2. The Anatomy of a Batch Script
A batch script is simply a small text file that can be created with a text editor such
as vi or notepad. You may create your own from scratch, or start with one of the sample
batch scripts available in $SAMPLES_HOME. Although the specifics of a batch
script will differ slightly from system to system, a basic set of components are always
required, and a few components are just always good ideas. The basic components of a
batch script must appear in the following order:
- Specify Your Shell
- Required PBS Directives
- The Execution Block
- Optional PBS Directives and Defaults
Note: PBS does not handle ^M characters well. Scripts created on a MS
Windows system should be transferred to the HPC systems in ascii mode, or else use
dos2unix to convert the file before use.
2.1. Specify Your Shell
First of all, remember that your batch script is a script. It is a good idea to specify
which shell your script is written in. Unless you specify otherwise, PBS will use your
default login shell to run your script. To tell PBS which shell to use, start your
script with a line similar to the following, where shell is either bash,
sh, ksh, csh, or tcsh:
#!/bin/shell
2.2. Required PBS Directives
The next block of your script will tell PBS about the resources that your job needs by
including PBS directives. These directives are actually a special form of comment,
beginning with #PBS. As you might suspect, the # character
tells the shell to ignore the line, but PBS reads these directives and uses them to
set various values.
IMPORTANT: All PBS directives MUST come before the first line of executable code in your script, otherwise they will be ignored.
Every script must include directives for the following:
- The required number of cores
- The maximum amount of time your job should run
PBS also provides additional optional directives. These are discussed in Optional PBS Directives, below.

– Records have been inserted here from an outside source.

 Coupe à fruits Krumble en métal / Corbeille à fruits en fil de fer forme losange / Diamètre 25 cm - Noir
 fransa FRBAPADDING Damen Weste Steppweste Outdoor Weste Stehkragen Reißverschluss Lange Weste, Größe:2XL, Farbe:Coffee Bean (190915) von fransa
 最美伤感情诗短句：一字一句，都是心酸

Note: While it is technically possible to specify PBS directives via the command line, we strongly suggest that you include them in your batch script instead. Doing so minimizes the opportunity for typing errors, allows you to see what you submitted later, and allows us to more easily assist you if something goes wrong.
Number of Nodes and Processes Per Node
Before PBS can schedule and start the job, it needs to know the required number of
cores or the required number of chunks of a specified core count (chunks may equate
to nodes). In addition, the directives may specify number of processes (affects entries
in the $PBS_NODEFILE file). In general, you would specify one process per
core, but you might want more or fewer processes depending on the programming model you
are using. See Example Scripts (below) for alternate use
cases.
The following directive :
#PBS -l select=N1:ncpus=N2:mpiprocs=N3
specifies N1 chunks of N3 processes executing on N2
cores. If N1 is 1, then N1: may be omitted. If N3
equals N2, then :mpiprocs=N3 may be omitted.
How Long to Run
Next, PBS needs to know how long your job will run. For this, you will have to make an estimate.There are three things to keep in mind:
- Your estimate is a limit. If your job has not completed within your estimate, it will be terminated.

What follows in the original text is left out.